Velhos balanços, novos românticos

Fernando de Barros e Silva

BALANÇO, retrospectiva, previsões, perspectivas. Você provavelmente nunca viu nem ouviu tanto essas palavras como nos últimos dias. Ao ritual fastidioso de todos os anos, neste a mídia contou com dois aliados de peso para engordar o seu cardápio-o século e o milênio. Sim, será só em 2001, todos sabemos, mas quem se importa?

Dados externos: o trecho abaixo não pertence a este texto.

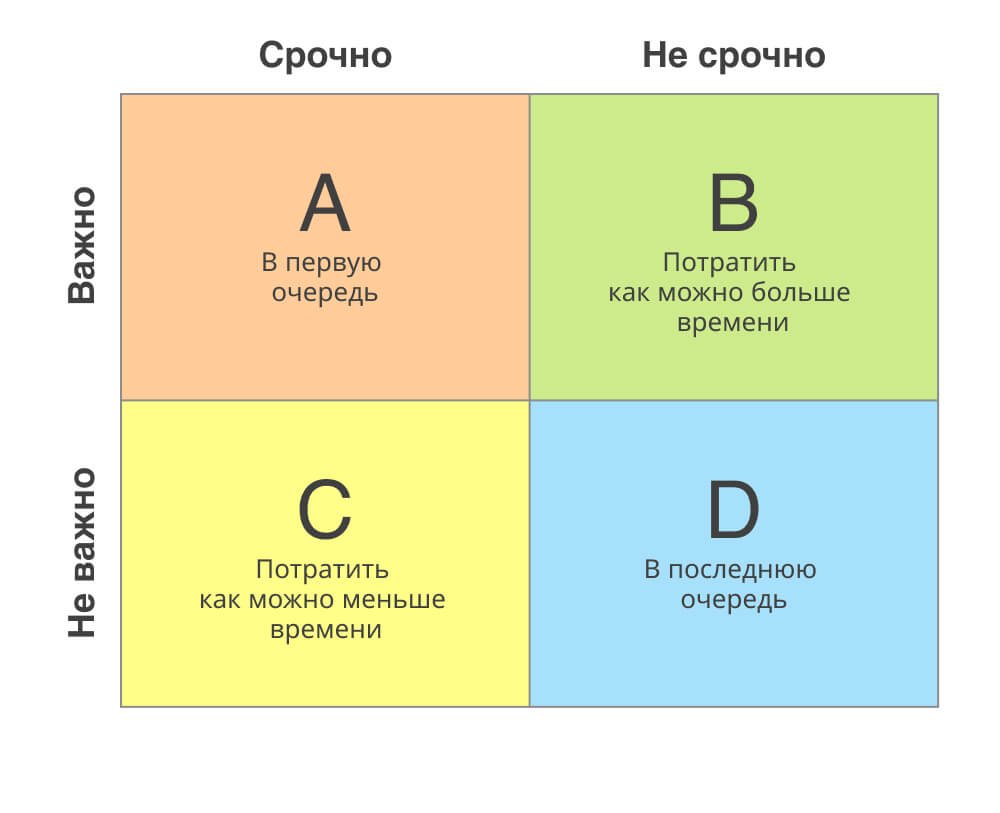 матрица Эйзенхауэра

Ensaiar a essa altura um balanço dos balanços seria como prolongar inadvertidamente a justa ressaca do leitor. Passou, ainda bem, e hoje já é domingo, dia de finalmente descansar do bombardeio. O fato é que ficamos todos, jornalistas em geral, colunistas particularmente, meio sem assunto nestes dias carregados de ansiedade. É verdade que também somos acometidos por uma certa idiotia (além da habitual, digo), que nos empurra a fazer os tais balanços, as previsões sempre tão inúteis. Na semana seguinte, ou hoje talvez, ninguém mais se lembra delas, as previsões, o que é tanto um sinal da sua insanidade quanto do bom senso que ainda resta ao público. Os balanços, por sua vez, também se perdem em imagens fugidias ou se cristalizam em clichês que ficam ecoando na memória: Hitler, a bomba atômica, Pelé, a Copa de 70, Albert Einstein, o Muro de Berlim -todos símbolos como que pendurados no varal da eternidade. A pretexto de fazer história, ou de passá-la em revista, os balanços produzem apenas mais um espetáculo.

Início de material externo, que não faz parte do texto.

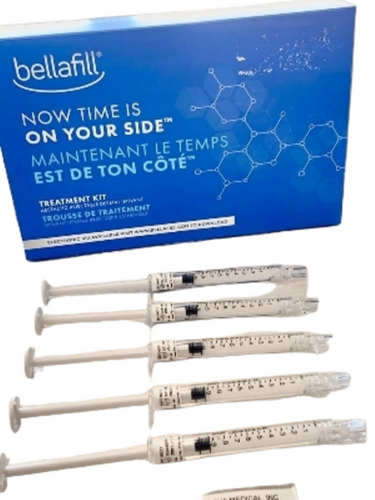 Dermal Fillers - Age Group: All Ages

O que prevalece é a lógica do show da vida, uma espécie de ilusão grandiosa que anestesia a falta de grandeza, ou muitas vezes de sentido, do cotidiano e do tempo presente. Nas glórias e nos traumas do passado, nos desafios e nas expectativas em relação ao futuro, o segredo inconfesso desses balanços e previsões é quase sempre o mesmo: o mal-estar em relação ao presente. Toda época é ruim quando se vive nela, alguém já disse. Os pessimistas costumam ter razão, infelizmente.

A Rede Globo exibiu nas últimas terça e quarta-feira, em duas partes, o especial "100 Anos de Música". Os programas traziam as 31 melhores canções do século, escolhidas por um extenso júri e apresentadas por intérpretes variados, em arranjos inéditos. Detenho-me um pouco neste "balanço musical do século" na sua versão global, sintomático do mal-estar brasileiro hoje.

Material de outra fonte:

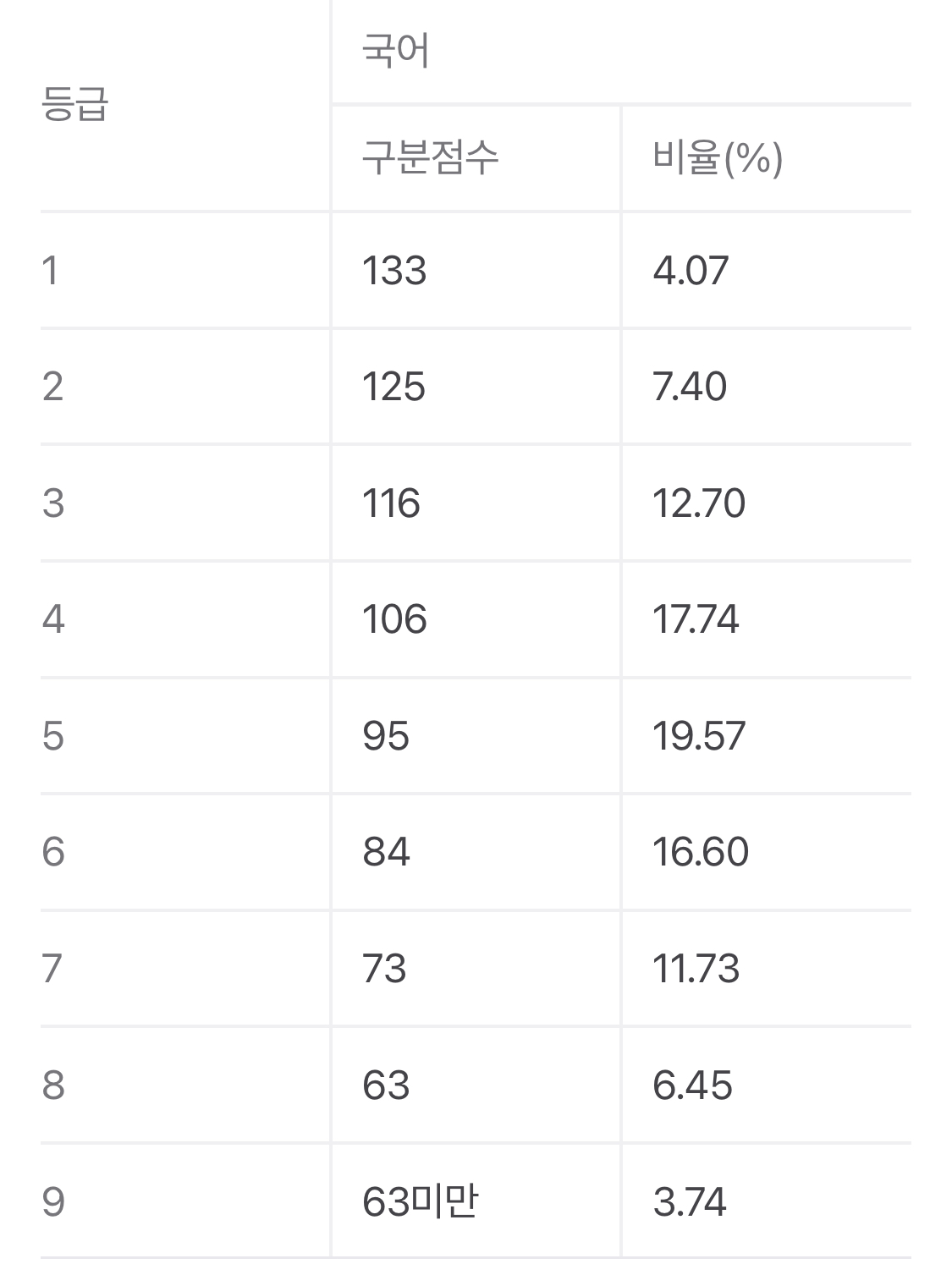 2024년 수능 등급컷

A proposta, diga-se logo, não poderia ser melhor. A música popular se constituiu, ao longo do século, na principal manifestação da cultura brasileira. Nem o cinema ou o teatro, nem a literatura ou as artes plásticas, a despeito de seus gênios isolados e de seus momentos decisivos dentro da cultura nacional, tiveram o impacto, a repercussão e sobretudo a permanência da música sobre a vida brasileira. De Noel Rosa a Cartola, de Tom Jobim a Chico Buarque, de Adoniran Barbosa a Elis Regina, de João Gilberto a Caetano Veloso (entre tantos outros: Dorival Caymmi, Ataulfo Alves, Ary Barroso etc...), a MPB funcionou como centro de referência, ou catalisador, das aspirações brasileiras. Sua difusão por assim dizer universal, capaz de cativar de cima a baixo uma sociedade tão desigual, como que embutia uma promessa de reconciliação, de felicidade.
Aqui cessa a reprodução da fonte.